Captioned web images
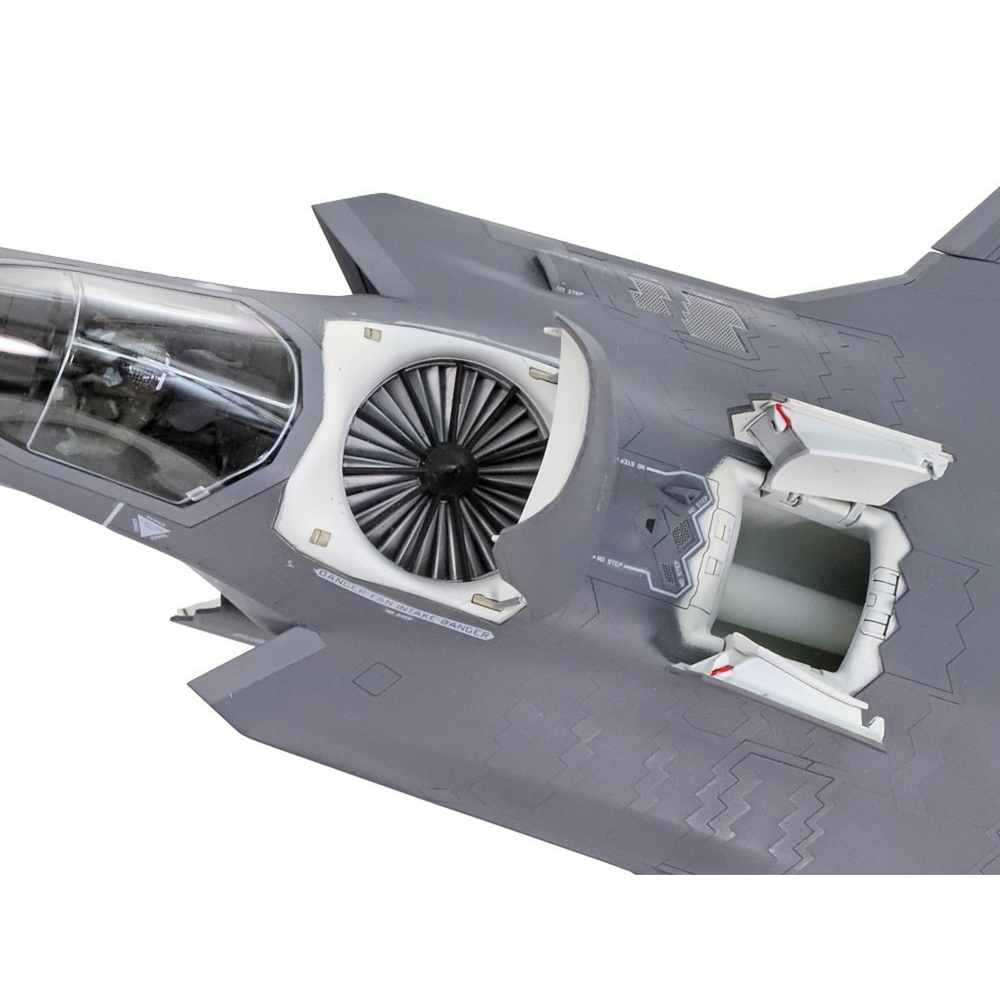 
                  
                    TAMIYA 1/72 LOCKHEED MARTIN® F-35®B LIGHTNING II® SELF BUILD KIT
                  
                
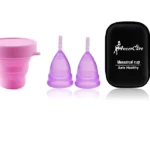 Set de 2 copas menstruales moradas translúcidas, 1 copa rosa plegable y estuche negro AneerCare para higiene femenina.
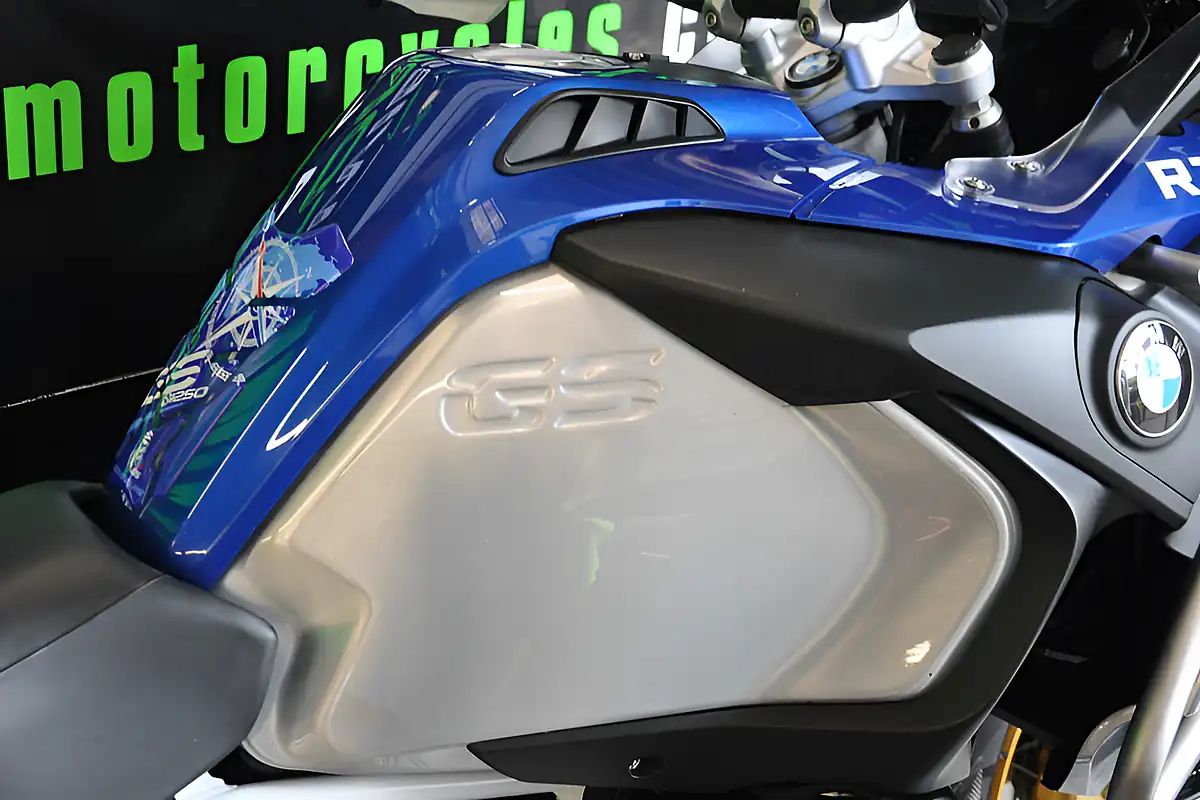 Used 2020 BMW R 1250 Gs Adventure - Interior and Exterior details 18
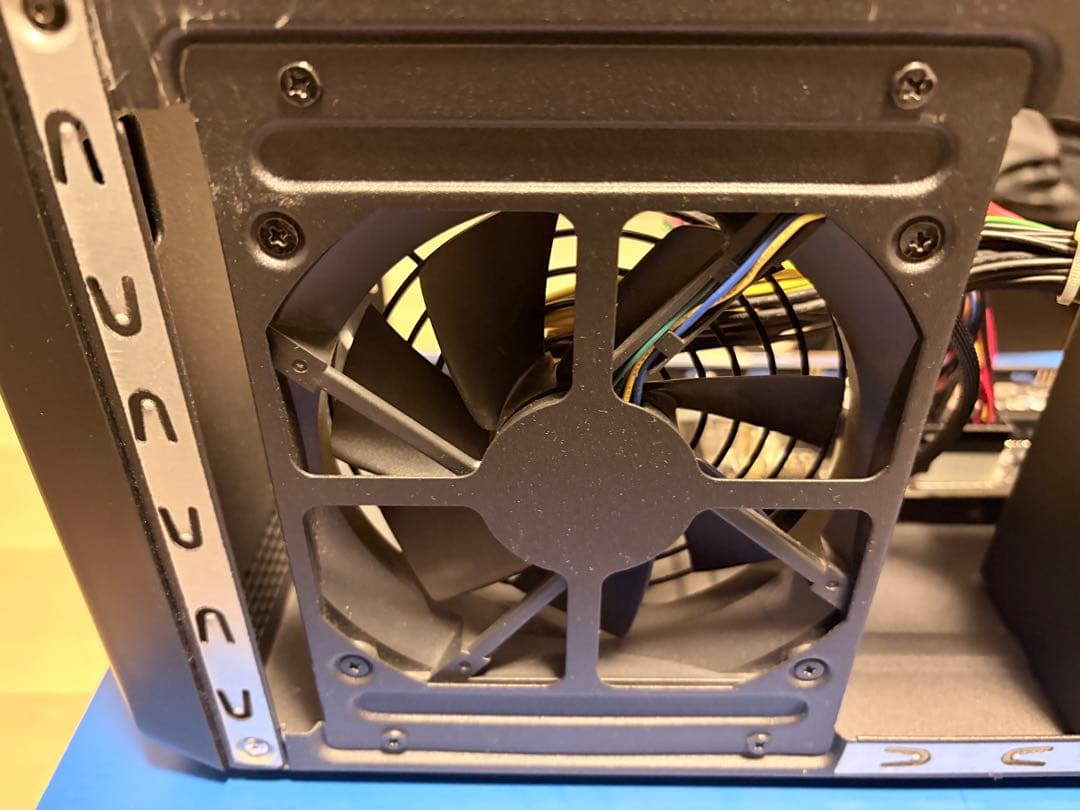 グラフィックボード・グラボ・ビデオカード user Mercury Helios FX+Radeon Vega 56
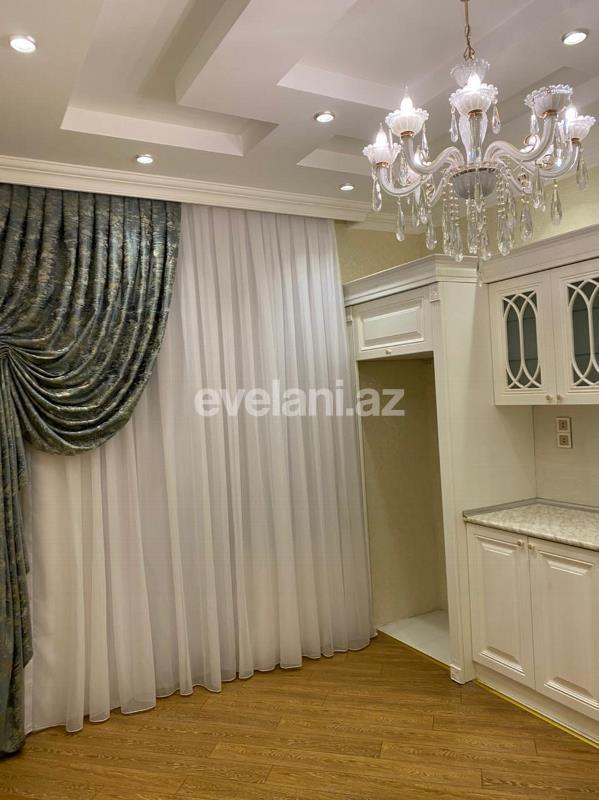 Satılır, yeni tikili, 3 otaqlı, 110 m², 28 may m.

WHAT TO WORK ON:
Could you write out the records exactly while omitting every picture?

OUTPUT FOR THIS EXERCISE:
                    TAMIYA 1/72 LOCKHEED MARTIN® F-35®B LIGHTNING II® SELF BUILD KIT
                  
                
 Set de 2 copas menstruales moradas translúcidas, 1 copa rosa plegable y estuche negro AneerCare para higiene femenina.
 Used 2020 BMW R 1250 Gs Adventure - Interior and Exterior details 18
 グラフィックボード・グラボ・ビデオカード user Mercury Helios FX+Radeon Vega 56
 Satılır, yeni tikili, 3 otaqlı, 110 m², 28 may m.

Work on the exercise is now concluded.